Application of Carbon Fiber Fabric in Building Structure Strengthening and Rehabilitation Engineering

Recent engineering practices demonstrate that carbon fiber reinforced polymer (CFRP) strengthening technology, with its high-efficiency construction and significant comprehensive benefits, has become a vital choice for building structure strengthening and rehabilitation. This technique is applicable to the reinforcement and repair of various structural elements, including beams, slabs, columns, roof trusses, tunnels, and other concrete structures.

Core Material Properties
Carbon fiber fabric, as a high-performance composite material, possesses the following outstanding characteristics:

1. Ultra-High Strength: Tensile strength can exceed 10 times that of carbon steel plates.

2. Lightweight and High Strength: Low unit weight, adding almost no additional load to the structure.

3. Excellent Durability: Superior resistance to corrosion and fatigue, good performance across temperature variations (cold/heat), stable properties, effectively extending the service life of strengthened structures.

4. Good Construction Adaptability: Flexible texture, facilitating on-site cutting and bonding to complex curved surfaces.

Main Technical Advantages

1. Convenient and Efficient Construction: Relatively simple procedures; requires no large machinery or fixed equipment; primarily relies on manual operation; fast construction speed; minimal disruption to the site.

2. Easy Quality Assurance: The material is soft and bonds easily, ensuring close adhesion to the substrate and reliable construction quality.

3. Good Waterproofing Performance: The epoxy resin adhesive system used has strong penetrability, effectively sealing micro-cracks in the concrete substrate and enhancing waterproofing effects.

4. Outstanding Corrosion Resistance: Both the carbon fiber itself and the epoxy resin system exhibit excellent resistance to chemical corrosion, making it suitable for harsh environments.

Standardized Construction Process

1. Unloading: Where possible, unload or reduce the load on the component to be strengthened prior to strengthening.

2. Layout and Marking: Precisely mark the CFRP or steel plate bonding locations (e.g., beam bottom, beam side, shear wall) on the areas requiring strengthening according to design specifications.

3. Substrate Surface Preparation:

   • Chisel off Plaster/Render Layer: Remove the surface plaster layer within the marked area down to the sound structural concrete layer.

   • Grinding and Leveling: Use an angle grinder with a sanding disc to grind the concrete substrate surface, removing laitance and loose particles to ensure flatness.

   • Cleaning and Dust Removal: Thoroughly remove dust generated by grinding (recommended: compressed air or industrial vacuum cleaner) to ensure the substrate is clean and dry.

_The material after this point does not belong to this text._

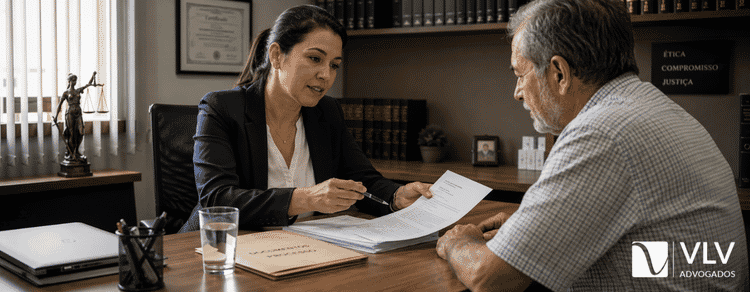 Doenças que dão direito ao BPC LOAS em 2026: veja a lista! 2 Advogada explicando documentos do BPC LOAS a um homem idoso em escritório.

4. Applying Primer: Evenly apply a thin coat of low-viscosity epoxy primer to the prepared substrate surface, allowing it to fully penetrate the concrete pores.

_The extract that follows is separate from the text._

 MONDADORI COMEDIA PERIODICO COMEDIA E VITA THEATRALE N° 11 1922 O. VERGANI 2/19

5. Substrate Leveling: Fill depressions, holes, and uneven areas on the substrate using epoxy mortar (or repair putty) to ensure a flat bonding surface.

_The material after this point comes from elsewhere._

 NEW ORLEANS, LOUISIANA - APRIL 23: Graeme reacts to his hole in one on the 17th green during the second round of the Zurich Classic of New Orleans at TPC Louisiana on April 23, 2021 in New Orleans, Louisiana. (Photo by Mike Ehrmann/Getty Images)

6. Bonding Carbon Fiber Fabric:

   • Apply an even coat of epoxy saturant/resin onto the leveled and cured substrate surface.

   • Lay the pre-cut carbon fiber fabric smoothly onto the resin layer. Roll firmly along the fiber direction to expel air bubbles, ensuring the resin saturates the fibers and achieves full contact..

   • Repeat this step for multiple layers if required